Problem to solve:
Exactly as written, print every line of the listing below and omit its pictures.

+-------+

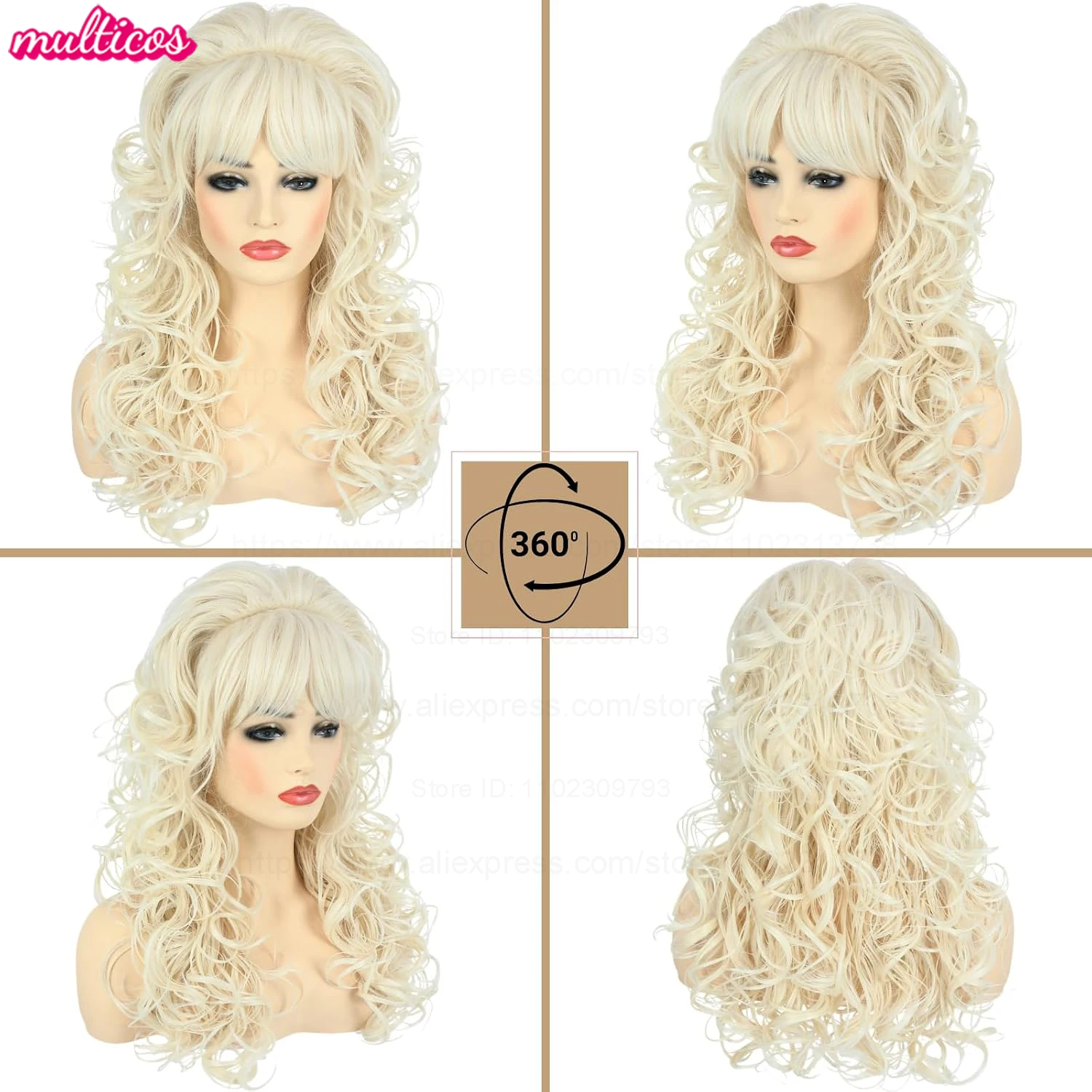 High Quality 80s Long Blonde Culy Bouffant Vintage Beehive Wig Women Disco Party Halloween Drag Queens Dolly Parton Cosplay Wigs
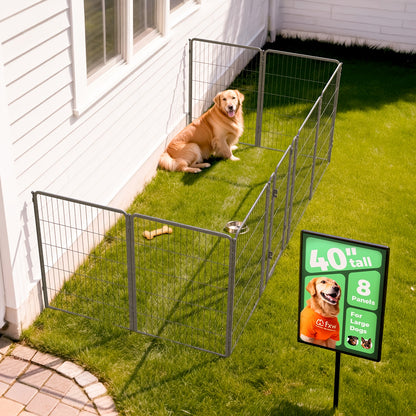 FXW Dog Playpen Heavy Duty Metal Pet Fence with Gate – 8/16/24/32/48 Panels, 24/32/40 Inch Height, Indoor & Outdoor Exercise Pen for Large Medium Small Dogs, Portable Yard Garden RV Camping Enclosure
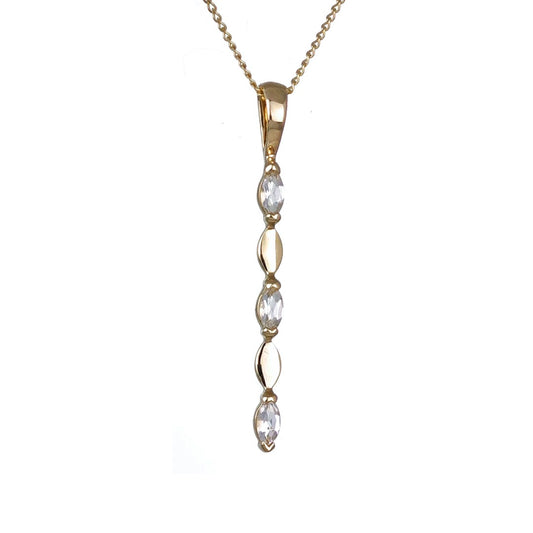 9ct Yellow Gold White Topaz Necklace Infinity Marquise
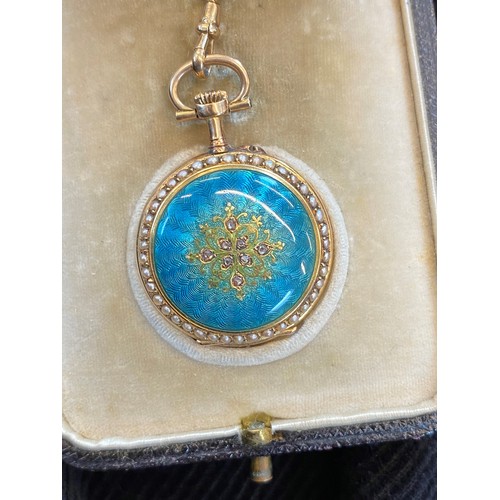 149 - A late 19th century French ladies gold fob watch, the circular blue guilloche enamelled dial with Ar... 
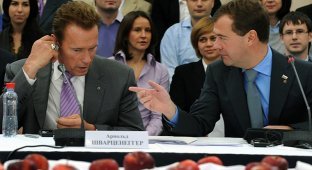 Дмитрий Медведев встречается с Арнольдом Шварценеггером (8 фото)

+-------+

Answer to the problem:
 High Quality 80s Long Blonde Culy Bouffant Vintage Beehive Wig Women Disco Party Halloween Drag Queens Dolly Parton Cosplay Wigs
 FXW Dog Playpen Heavy Duty Metal Pet Fence with Gate – 8/16/24/32/48 Panels, 24/32/40 Inch Height, Indoor & Outdoor Exercise Pen for Large Medium Small Dogs, Portable Yard Garden RV Camping Enclosure
 9ct Yellow Gold White Topaz Necklace Infinity Marquise
 149 - A late 19th century French ladies gold fob watch, the circular blue guilloche enamelled dial with Ar... 
 Дмитрий Медведев встречается с Арнольдом Шварценеггером (8 фото)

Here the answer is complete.